Updated 4:22pm 12 May 2012

Balfour Beatty awarded £500m United Utilities contract

WARRINGTON-BASED United Utilities (UU) has appointed Balfour Beatty to deliver its £500m capital delivery programme.

The contract will see the construction group deliver the infrastructure investments throughout the North-West during the AMP5 cycle, the period from 2010 to 2015.

It will see Balfour Beatty deliver UU’s clean water and wastewater major projects and flood alleviation schemes. The five-year contract will begin in April.

Balfour Beatty also announced yesterday a five-year extension to its existing alliance partnership contract with Anglian Water which is expected to be worth more than £100m.
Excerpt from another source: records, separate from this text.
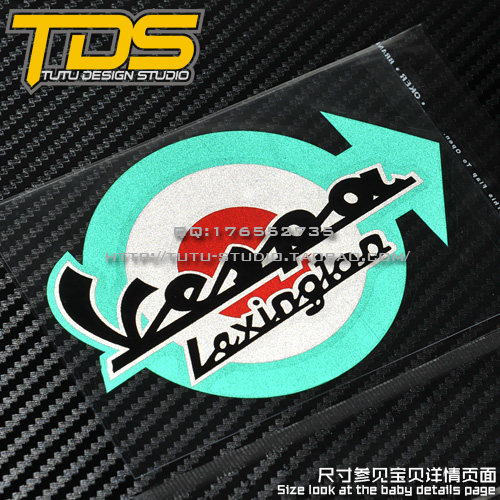 TUTU圖圖車貼 定制车友会队标反光贴 VESPA车用个性防水装饰贴 - 图2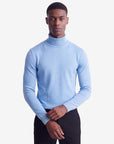 Solid Turtleneck - Sky Blue
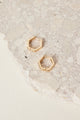 Hexagonal Gold Hoop Earring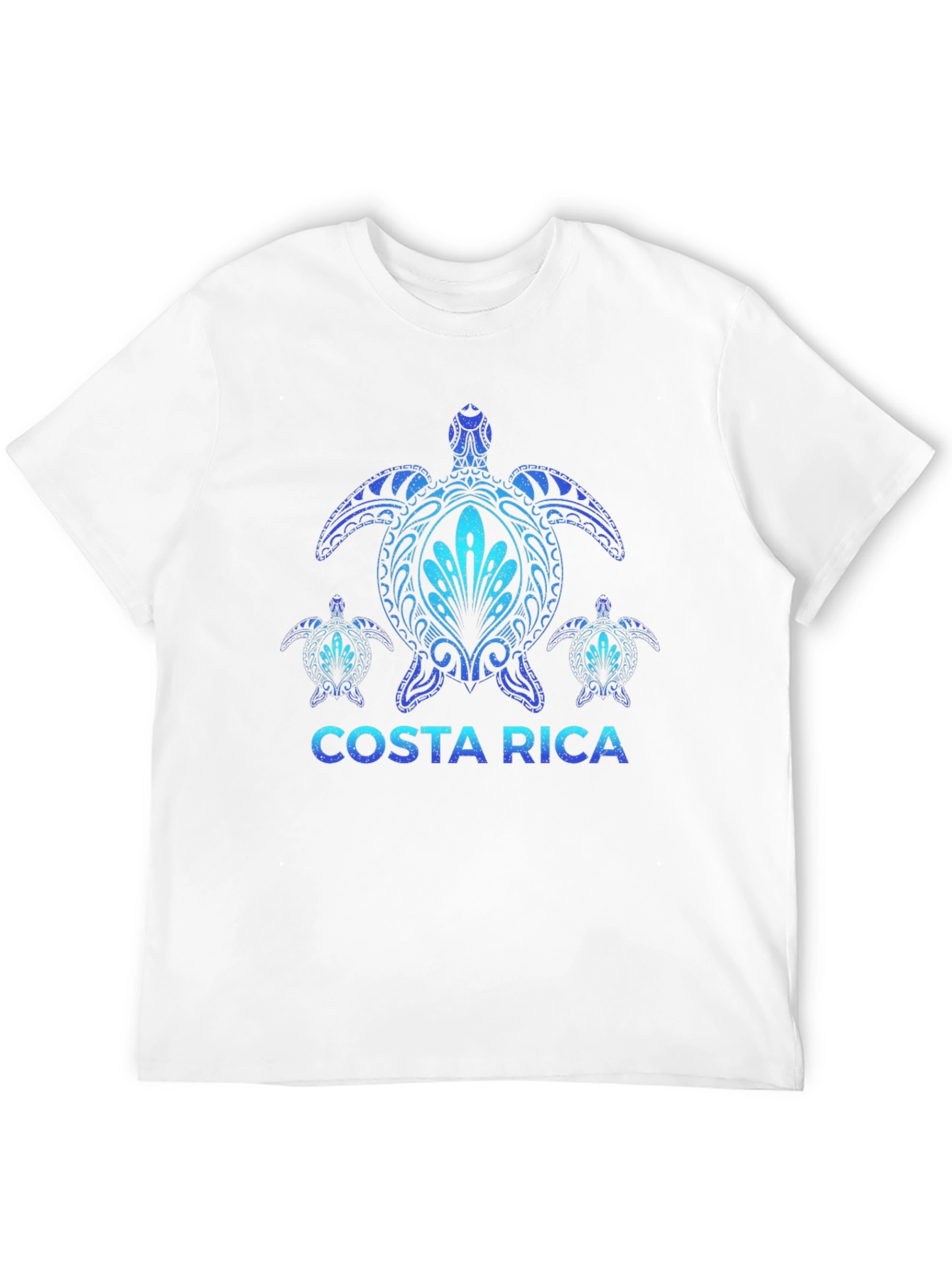 Costa Rica Turtle Tee - Black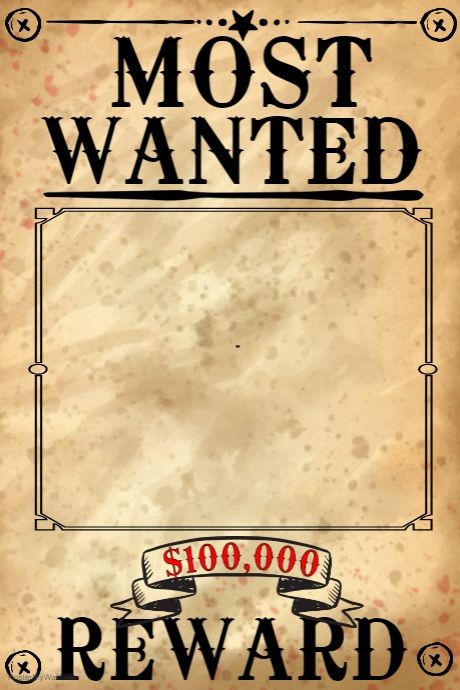 Most Wanted Poster, Wanted Poster Template, Wanted Template, Poster Template Free, Poster Template Design, Wanted Poster, Wilde Westen, Promotional Flyers, Gin Cocktails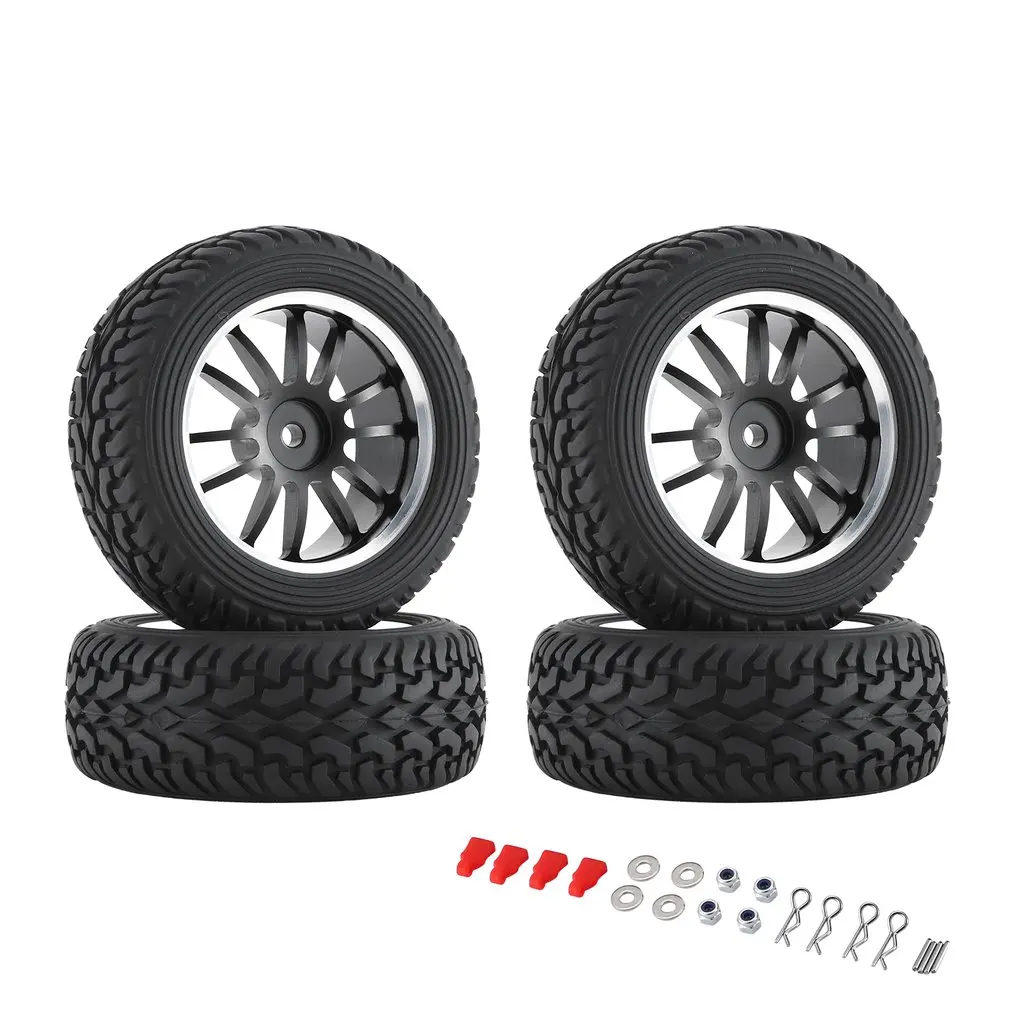 

4pcs 1 / 14 Big Foot Tire Lightweight Durable Excellent Workmanship Great Style Solid Wheel Rim Good Grip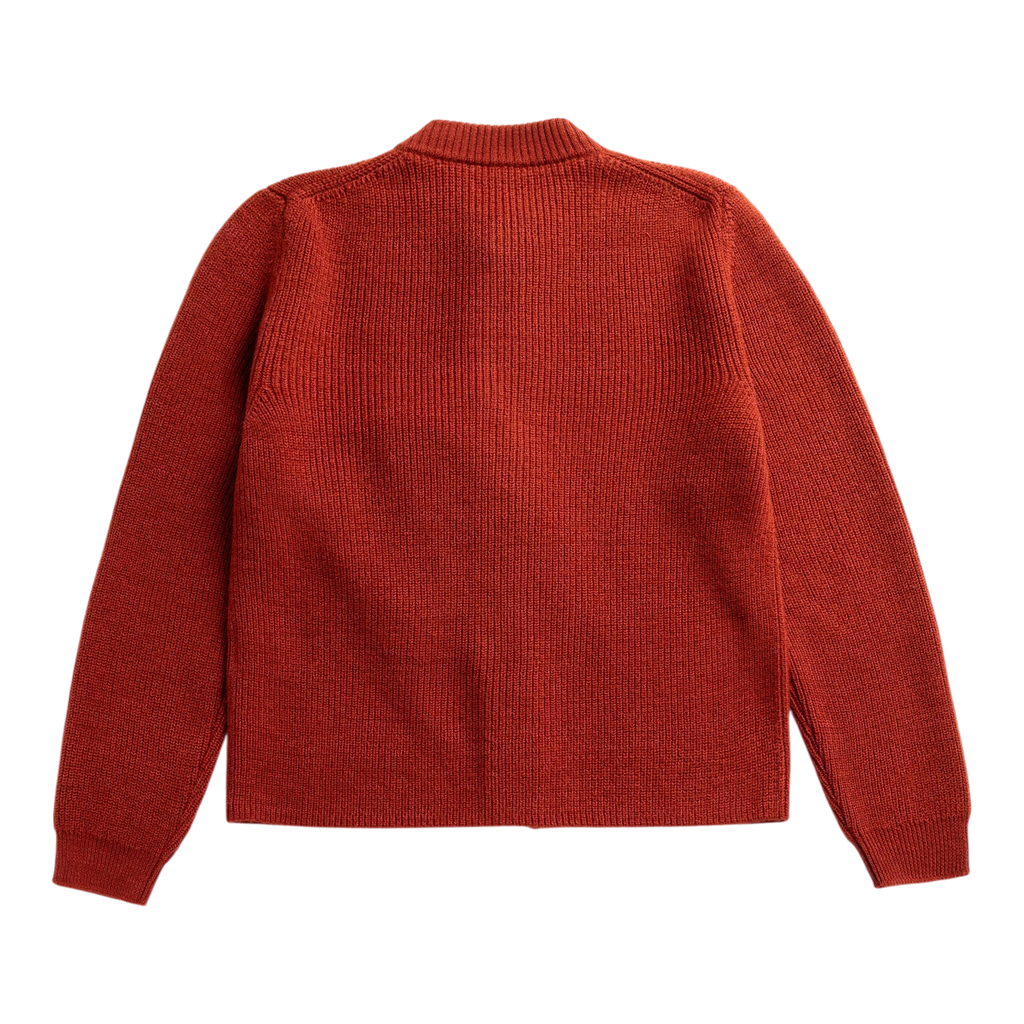 Norse Projects - Gullverket Cotton Wool Rib Cardigan - Cowhide Cardigan Norse Projects 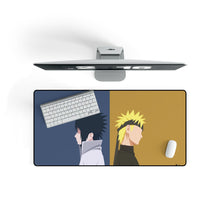 Load image into Gallery viewer, Naruto and Sasuke wallpaper Mouse Pad (Desk Mat) On Desk
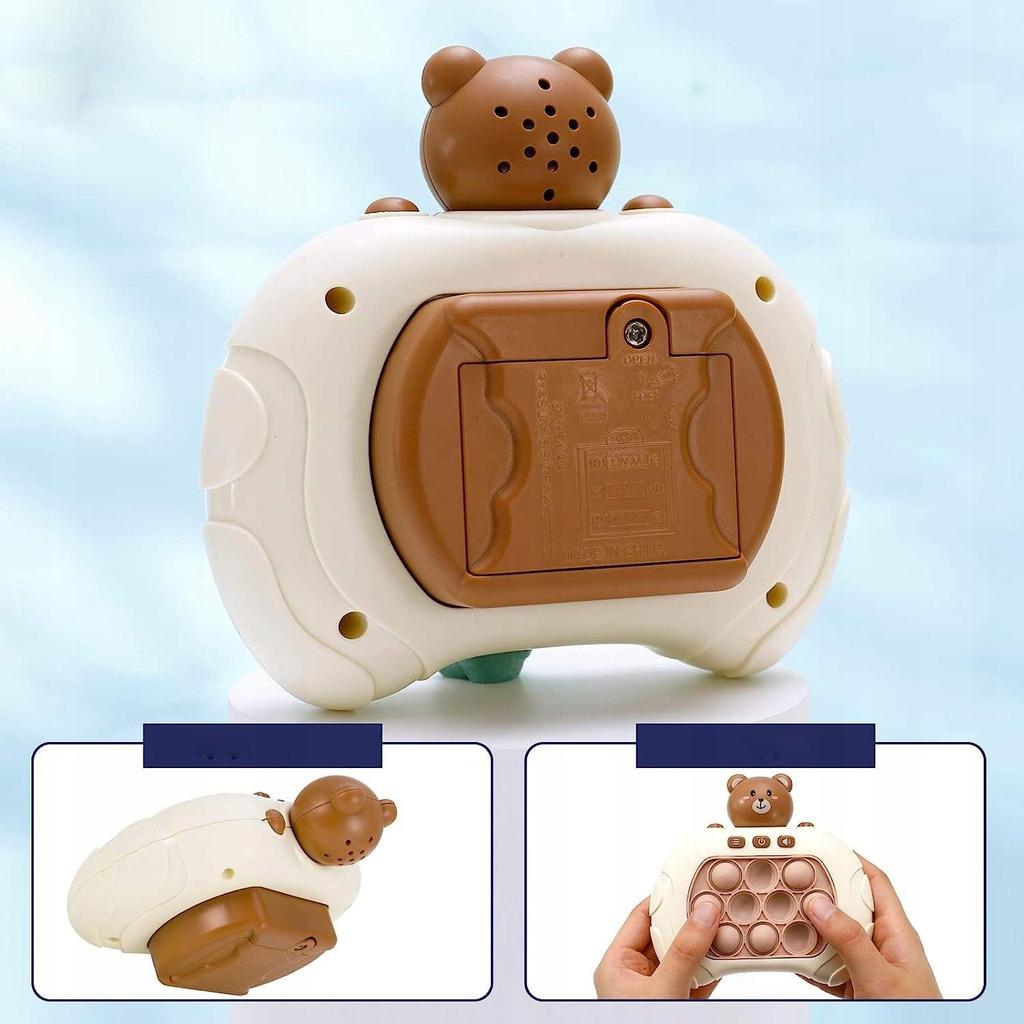Electronic Game Pop It Sensory Development For Memory Reflexes Children Teddy Bear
Balfour Beatty chief executive, Ian Tyler, said: “We are delighted to have secured these AMP 5 capital programme contracts.

“We look forward to working closely with our customers and drawing on our skills and experience to deliver first-class customer service, excellent health and safety management and innovative ways of working.”

The announcements from the utilities firms come just a day after Balfour Beatty was awarded a £4.7m contract for full mechanical and electrical services for the West Derby & Ernest Cookson School under the Building Schools for the Future project.

UU has also received £200,000 from the Northwest Regional Development Agency’s (NWDA) carbon challenge fund, which funds the deployment of low carbon technologies.

The funding is for its £950,000 Gravitox project to take a groundbreaking energy-reducing sewage process from design to fully operational at a wastewater treatment plant in Ellesmere Port.

Gravitox could reduce the energy consumption of its aerated sludge process by up to 75%.

The idea is that by drawing a fluid down a specially created borehole, and the smart use of pumps, it can increase hydrostatic pressure, dissolve air and increase the oxygen transfer to the liquid.

This would reduce the use of the current surface aerators, which consume a lot of electricity.

If it was replicated across the UU network, it would result in annual CO² emissions savings of 82,400 tonnes.

NWDA chief executive Steve Broomhead said: “Projects selected for the Carbon Challenge Fund represent a key part of the Agency’s commitment to creating a low carbon economy in England’s Northwest – improving efficiency, reducing costs and safeguarding jobs.”